Governor Seyi Makinde of Oyo State has said a total restructuring of Nigeria is needed if the country is to make meaningful progress.
Makinde stated this in Awka, the Anambra State capital, on Thursday during the 12th Annual Zik Lecture.
According to the governor, over 60 years after independence, Nigeria has managed to remain indiscernible after going through the civil war and several elections.
He praised the late Nnamdi Azikiwe, saying that the Zik of Africa fought to ensure Nigeria remained one.
“A complete restructuring of Nigeria is needed at the moment if the country must move forward. What we should be talking about right now is what structure will work best for us.
“Zik was a dynamic man who was determined to play in accordance with the time. If Zik were alive today and still able to influence Nigeria, what would he be telling us right now?
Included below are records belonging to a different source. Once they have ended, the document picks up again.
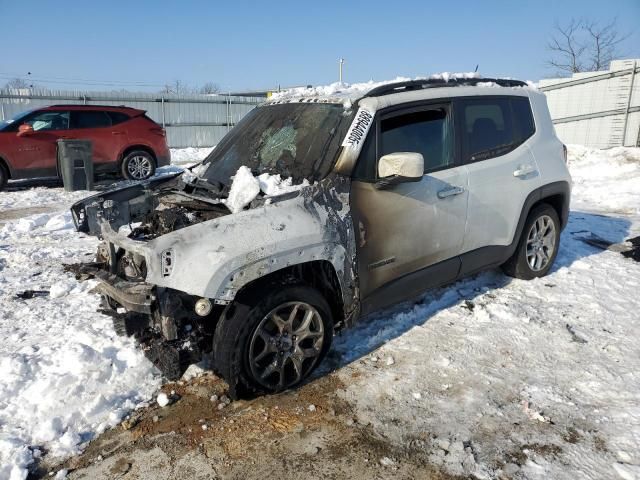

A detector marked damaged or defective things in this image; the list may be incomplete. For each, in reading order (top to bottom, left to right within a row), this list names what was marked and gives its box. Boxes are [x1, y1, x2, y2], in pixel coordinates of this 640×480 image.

charred engine bay [129, 189, 231, 238]
fire-damaged hood [74, 174, 360, 310]
burned jeep renegade [70, 77, 568, 396]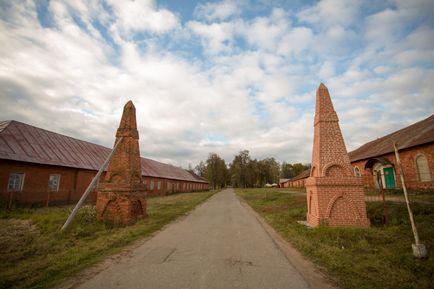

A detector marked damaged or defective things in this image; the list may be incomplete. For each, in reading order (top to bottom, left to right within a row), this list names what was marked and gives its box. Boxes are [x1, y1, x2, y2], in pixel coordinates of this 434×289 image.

rusted roof sheet [0, 119, 207, 182]
rusted roof sheet [350, 113, 434, 161]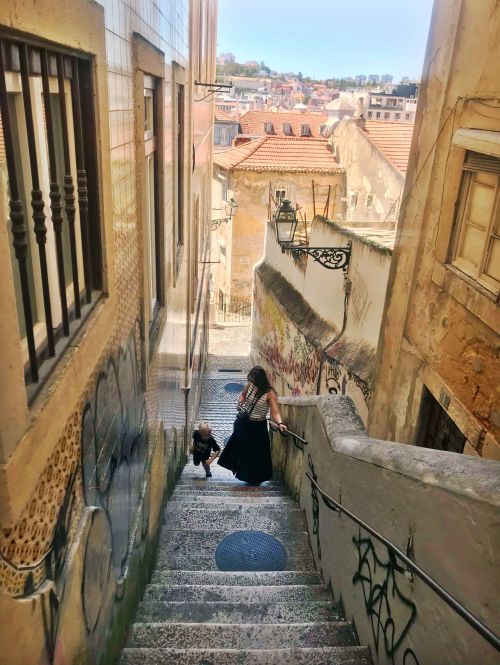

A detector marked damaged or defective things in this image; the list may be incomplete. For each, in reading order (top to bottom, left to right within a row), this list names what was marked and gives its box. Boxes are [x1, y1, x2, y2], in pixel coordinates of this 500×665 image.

peeling plaster wall [252, 214, 392, 420]
peeling plaster wall [368, 0, 500, 456]
peeling plaster wall [274, 394, 500, 664]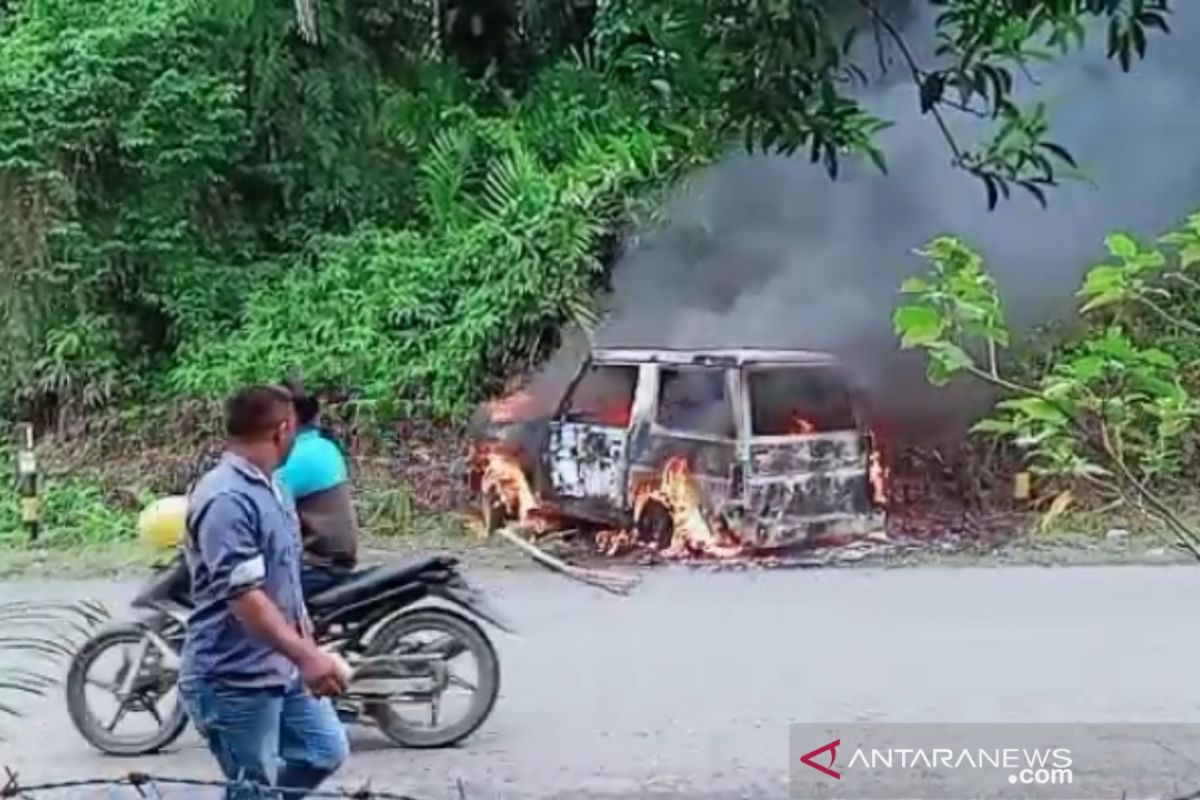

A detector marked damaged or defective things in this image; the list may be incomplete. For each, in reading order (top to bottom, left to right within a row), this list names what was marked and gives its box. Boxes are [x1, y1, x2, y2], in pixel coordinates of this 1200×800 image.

charred car door [542, 362, 638, 525]
burnt car body [472, 345, 888, 551]
charred car interior [472, 345, 888, 556]
charred car door [734, 364, 878, 546]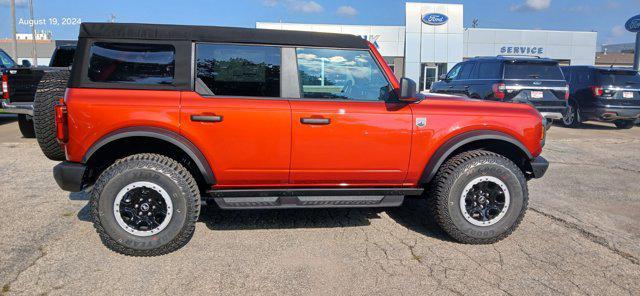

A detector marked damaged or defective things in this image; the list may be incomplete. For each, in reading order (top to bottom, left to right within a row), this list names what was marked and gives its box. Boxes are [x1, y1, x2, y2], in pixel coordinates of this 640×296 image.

cracked asphalt [0, 114, 636, 296]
One thing is for sure: Zik will not be saying that because someone from this part of the country did not win the election, Nigeria should be divided.”
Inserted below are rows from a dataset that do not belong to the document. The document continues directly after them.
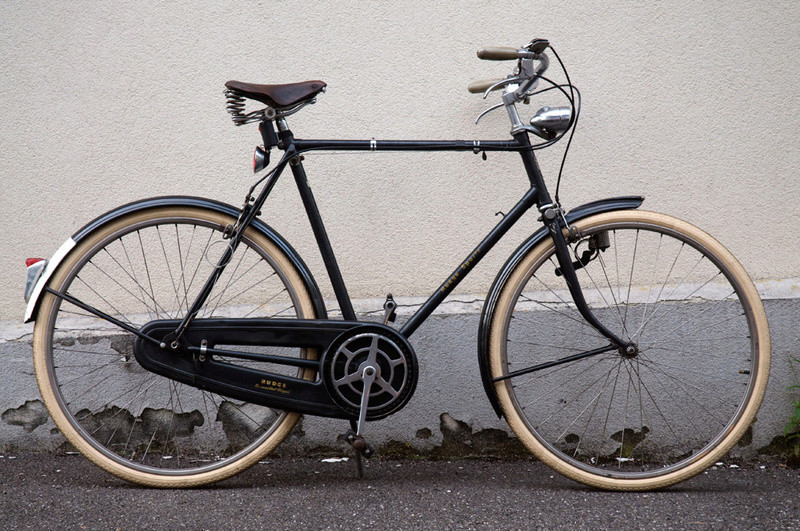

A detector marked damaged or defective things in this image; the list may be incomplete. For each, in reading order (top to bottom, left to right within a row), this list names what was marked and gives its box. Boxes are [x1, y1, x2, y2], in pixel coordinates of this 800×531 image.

peeling paint [1, 400, 49, 432]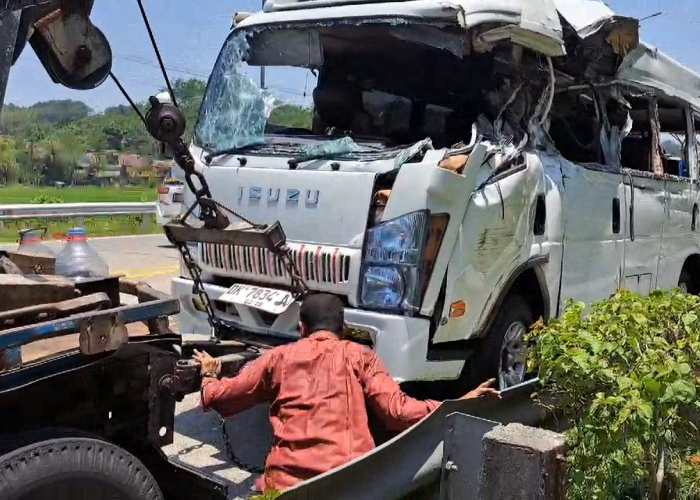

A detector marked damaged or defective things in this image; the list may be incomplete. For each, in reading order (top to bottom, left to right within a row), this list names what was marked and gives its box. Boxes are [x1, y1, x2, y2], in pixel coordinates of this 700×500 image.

severely damaged isuzu truck [171, 0, 700, 390]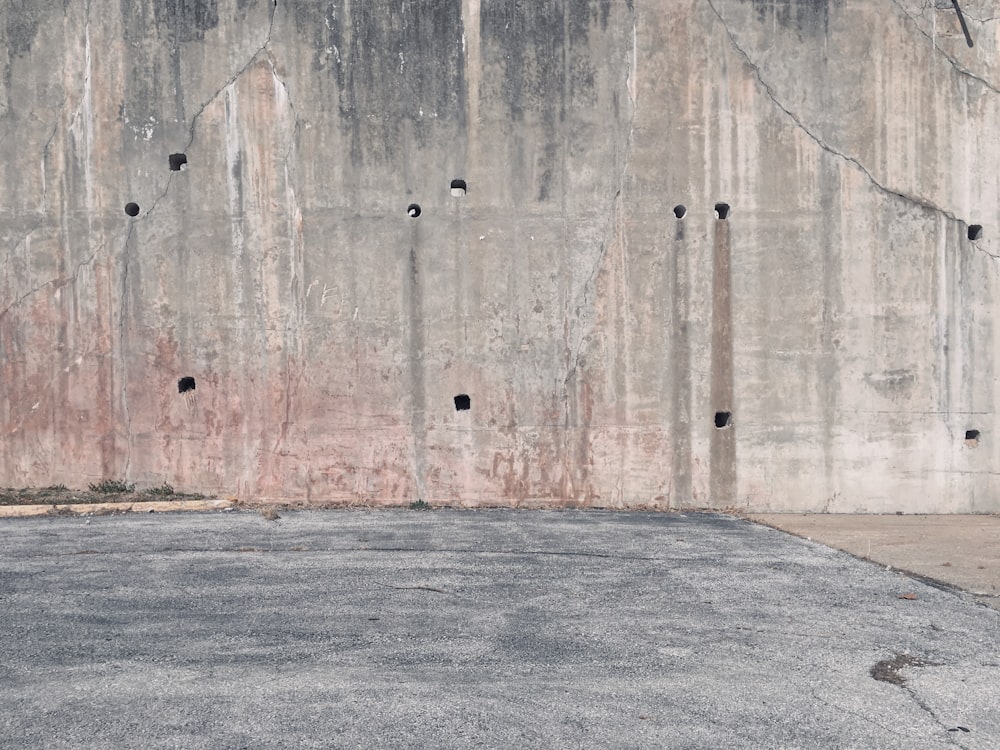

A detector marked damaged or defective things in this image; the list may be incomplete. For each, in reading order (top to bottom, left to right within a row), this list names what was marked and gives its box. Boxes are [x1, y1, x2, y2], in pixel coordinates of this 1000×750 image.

cracked concrete wall [0, 0, 996, 516]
“What is before us is not just uniting Nigeria, but uniting Africa. I don’t think Zik will tell us to divide Nigeria. There would not have been the issue of ethnicity if we listened to what Zik told us in the past.” Makinde
Makinde added that the reason for the high ethnicity is that governance is too concentrated in the centre.
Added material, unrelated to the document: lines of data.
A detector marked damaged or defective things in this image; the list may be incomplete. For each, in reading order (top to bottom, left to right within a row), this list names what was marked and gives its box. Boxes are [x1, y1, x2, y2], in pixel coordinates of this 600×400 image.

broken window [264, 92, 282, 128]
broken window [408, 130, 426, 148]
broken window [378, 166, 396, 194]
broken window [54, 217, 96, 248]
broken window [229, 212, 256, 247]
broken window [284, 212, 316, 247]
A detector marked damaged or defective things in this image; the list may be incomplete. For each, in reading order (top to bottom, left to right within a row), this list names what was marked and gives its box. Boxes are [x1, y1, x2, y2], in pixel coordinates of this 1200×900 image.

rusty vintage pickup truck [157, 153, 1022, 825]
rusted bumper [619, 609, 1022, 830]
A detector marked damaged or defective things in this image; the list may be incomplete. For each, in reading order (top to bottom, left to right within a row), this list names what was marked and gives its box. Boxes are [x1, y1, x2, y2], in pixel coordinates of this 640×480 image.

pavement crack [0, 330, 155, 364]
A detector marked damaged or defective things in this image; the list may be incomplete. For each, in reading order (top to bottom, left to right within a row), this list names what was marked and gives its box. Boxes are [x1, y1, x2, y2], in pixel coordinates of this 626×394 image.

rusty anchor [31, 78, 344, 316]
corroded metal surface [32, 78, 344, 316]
“The reason for the high ethnicity is because governance is too concentrated in the center. We should sit down and think of what would have happened if XYZ had become president, or we should look at the healthy competition between us and use it to move the country forward.
“Zik of Africa as he was fondly called was born in Zungeru, Northern Nigeria. He came from Eastern Nigeria. We can understand why he had a national outlook and why he believed in one indivisibility Nigeria.
“The year 2023, we have just risen from another election where ethnicity was used as a tool for campaign and religion was on the front burner. I was part of the G-5 governors then, who believed that the presidency should come to the southern part of Nigeria but some people said “Emi lo kan”.
“Well, this event, Zik’s annual lecture, is another opportunity for us to talk about nation-building. Zik spoke Yoruba, Igbo and Hausa. He believed that the political union of Nigeria was indiscernible.